Radiation-induced defects and their annealing behavior in cadmium telluride

Abstract

Radiation‐induced defects and their annealing behavior in p‐ and n‐type CdTe irradiated with 2‐MeV electrons, neutrons, and ⁶⁰Co gamma rays have been investigated by means of photoluminescence, Hall, time‐of‐flight measurements, and the performance of CdTe gamma‐ray detectors. The 1.1‐eV emission band produced after electron irradiation at 77 K anneals at a stage centered around about 120 K and originates from a defect including Te vacancy. From the isothermal annealing experiment, an activation energy of about 0.2 eV is obtained for the annealing stage. The electron and gamma irradiation at 77 K with room‐temperature anneal, and neutron irradiation at 300 K enhance 1.53‐ and 1.55‐eV edge emission bands. It has been suggested that the 1.53‐eV band is attributed to a complex involving Cd vacancies.
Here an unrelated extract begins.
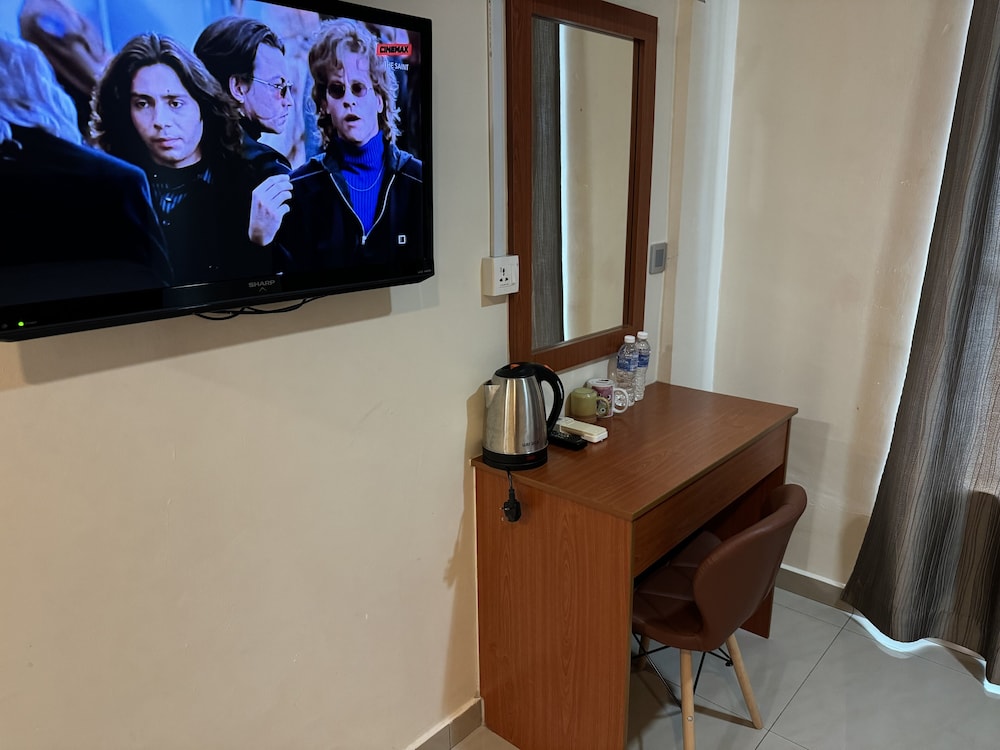 Aeton Hotel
On the other hand, the 1.55‐eV band is attributed to a complex involving Te vacancies. An annealing stage centered at about 370 K is observed in electrical properties in relatively pure p‐type crystals irradiated with electrons and gamma rays. It is found from the isothermal annealing that the annealing behavior of the stage obeys first‐order kinetics. The activation energy for the migration of the defects is estimated to be about 0.8 eV and the pre‐exponential factor is found to be about 10⁸ sec⁻¹, suggesting long‐range migration of Cd vacancies. Electron‐trap levels lying at 0.058 and 0.5 eV below the conduction band are observed in crystals irradiated with gamma rays. The 0.058‐eV electron trap anneals at about 600 K and the origin is tentatively assigned to a complex involving Te vacancies as inferred from photoluminescence results. Electron‐drift mobility at room temperature is remarkably reduced after gamma irradiation, possibly due to the introduction of an electron‐trap level at about 0.5 eV below the conduction band. The 0.5‐eV electron‐trap level and the electron‐drift mobility anneal in the vicinity of about 600 K. The effects due to successive detector irradiations with ⁶⁰Co gamma rays markedly degraded the output pulse‐height spectra until ultimately the 59.5‐keV photopeak of the ²⁴¹Am gamma ray can not be discerned. Following annealing at 600 K, the pulse‐height spectrum recovers almost to the preirradiation value. This annealing behavior coincides with the recovery of the electron‐drift mobility of bulk crystals.